Error "online storage migration not possible if snapshot exists" on zfspool (bug in QemuMigrate.pm?)

Jonathan Hankins

Active Member
Mar 17, 2018
10
4
43
47
Live migration with snapshots should be possible for zfspool storage, but I am getting the error "online storage migration not possible if snapshot exists".

The block at line 520 in QemuMigrate.pm is never reached because of the die statement at line 519. If I comment out line 519 and restart, live migration works correctly. EDIT: Loses snapshots, see reply in thread.

qemu-server 7.1-4

513 if (defined($snaprefs)) { 514 $local_volumes->{$volid}->{snapshots} = 1; 515 516 # we cannot migrate shapshots on local storage 517 # exceptions: 'zfspool' or 'qcow2' files (on directory storage) 518 519 die "online storage migration not possible if snapshot exists\n" if $self->{running}; 520 if (!($scfg->{type} eq 'zfspool' 521 || ($scfg->{type} eq 'btrfs' && $local_volumes->{$volid}->{format} eq 'raw') 522 || $local_volumes->{$volid}->{format} eq 'qcow2' 523 )) { 524 die "non-migratable snapshot exists\n"; 525 } 526 } 527
 
Last edited:
Hi,
you will lose your snapshots like that! Since the VM is currently using the disk, we cannot use zfs send/recv to migrate the disk together with the snapshots. We need to use QEMU's drive mirror to keep the VM's view of the disk consistent, but the drive mirror doesn't know anything about the snapshots.
 
we could extend this to work as long as the disks are/the VM is replicated, but that requires some additional logic to verify that everything is setup as expected, and that logic isn't there yet.
 
Right, this is actually the enhancement request in bug 2792, which I haven't come around to yet.
 
Got it - thank you. I edited my original post based on your warning. Also followed the ticket you mentioned on bugzilla.
 
Hello,
could you please look at this enhancement again - we would really, really need this functionality.
We just dumped our central Ceph storage (not proxmox Ceph) because of performance and stability issues and switched back to DAS (direct attached storage) - NVMe SSDs and ZFS. With NVMe SSDs at 100Euro/TB a central networked storage does not really make sense anymore.
BUT now we are unable to live migrate replicated VMs with snapshots - a severe limitation for us.
As far as I understand - the underlying ZFS send/recv should be able to replicate the snapshots also - it could be a problem with the structure of the existing code.
We've just extended all our proxmox licenses until the end 2025 - we're very satisfied with proxmox PVE - if we could live migrate VMs with snapshots - it would be perfect.

Thanks,
Gerald
 
  • Like
Reactions: UdoB
Just tried a node reboot with automigration - and watched it failing into a loop because of snapshots :)
Would be nice if migration would fail for snapshot-reasons (or having a locally connected cdrom) within the VM to have an option to get things to migrate with stop+start or simply eject a cdrom (yeah, true that was a big self inflicted error)...
 
Last edited:
This issue should be fixed with qemu-server >= 7.3-4 which is currently available in the pvetest repository.

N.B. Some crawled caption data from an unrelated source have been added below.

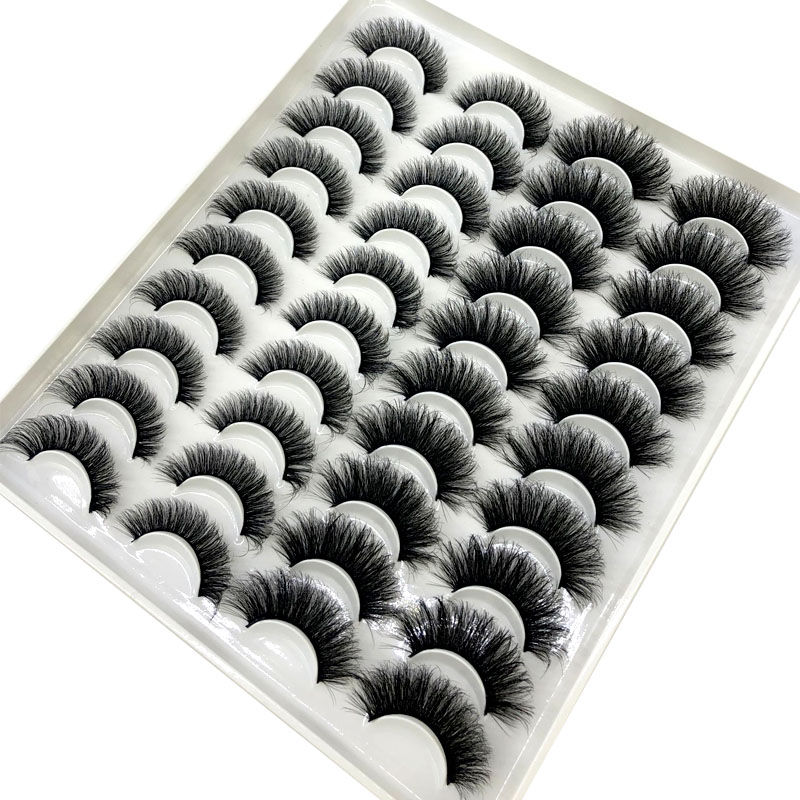 Thumbnail: 20 Pairs 18-25 mm 3d Mink Lashes Bulk Faux Thick Long Wispy Natural Mink Lashes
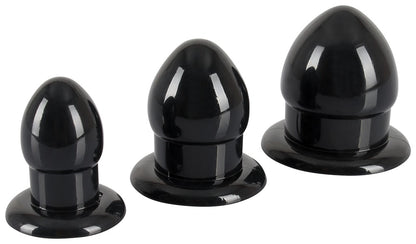 3-teiliges Anal Stretching Plug Kit in Schwarz mit verschiedenen Größen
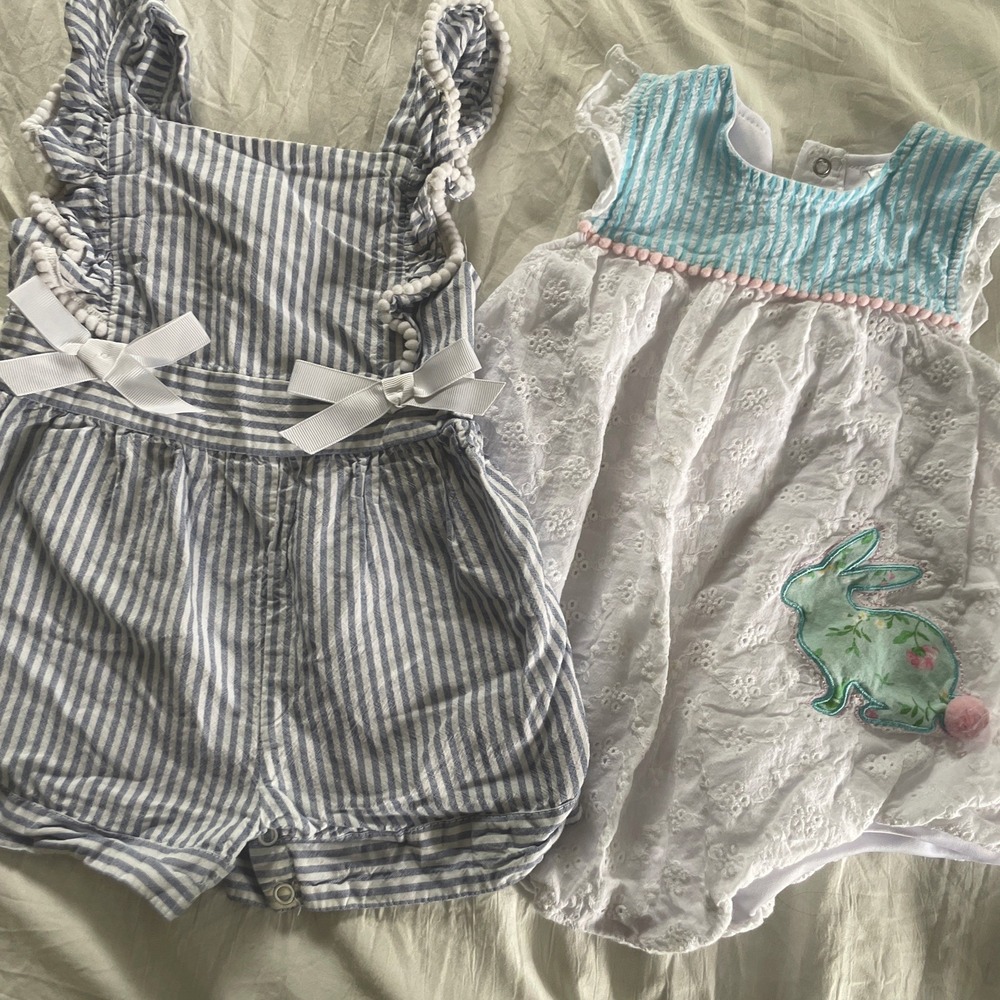18 Month Baby Summer Rompers Blue White Stripes And Bunnies Baby Outfit Set Of 2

If you like, you can help test it (on non-production setups) or wait until it reaches the other repositories.
 
  • Like
Reactions: UdoB
I have a "pve-nosubscription" test cluster. When I enable the "test"-Repo via Gui a "full-upgrade" would install 12 packages, including the Kernel, "pve-kernel-helper" and some other. So I have some questions:
  • for this snapshot handling enhancement: is it sufficient to install qemu-server?
  • do I have to reboot the complete cluster? Or will new VMs be able to use this feature?
  • can I downgrade to 7.3-3 later on?
Thank you
 
Last edited:
I have a "pve-nosubscription" test cluster. When I enable the "test"-Repo via Gui a "full-upgrade" would install 12 packages, including the Kernel, "pve-kernel-helper" and some other.
You can enable the test repository, run apt update && apt install qemu-server and then disable the test repository again. And afterwards, I'd do another apt update to not see the other updates you weren't interested in anymore.

So I have some questions:
  • for this snapshot handling enhancement: is it sufficient to install qemu-server?
Yes

  • do I have to reboot the complete cluster? Or will new VMs be able to use this feature?
No. You don't even need to restart the VMs in this case. Old VMs will also be able to use the feature.

  • can I downgrade to 7.3-3 later on?
Yes, with apt install qemu-server=7.3-3.

Thank you
 
  • Like
Reactions: UdoB
Tested on my test-cluster with some Dell Xeon E5-2600; Kernel 6.1.10-1; zfs-local on rpool; with some snapshots of course; live, Debian-VM (only a single one); with configured replication in beforehand:

Works like a charm! Thank you very much :)


Now I am keen to see it in pve-enterprise. Is ETA in weeks or in months?

Best regards
 
Now I am keen to see it in pve-enterprise. Is ETA in weeks or in months?
I don't think the qemu-server release contains any really important bug fixes (only nice-to-have ones such as this) so I'd say there's no great hurry. But I'm not on the release team, so can't tell you anything concrete.
 
Do I need replication or does it work with local storage as well?
I have a bunch of VMs I'd like to migrate to a different host however all of them have snapshots.
 
Hi,
Do I need replication or does it work with local storage as well?
I have a bunch of VMs I'd like to migrate to a different host however all of them have snapshots.
no, you don't need replication. But online migration with local snapshots only works for ZFS storages.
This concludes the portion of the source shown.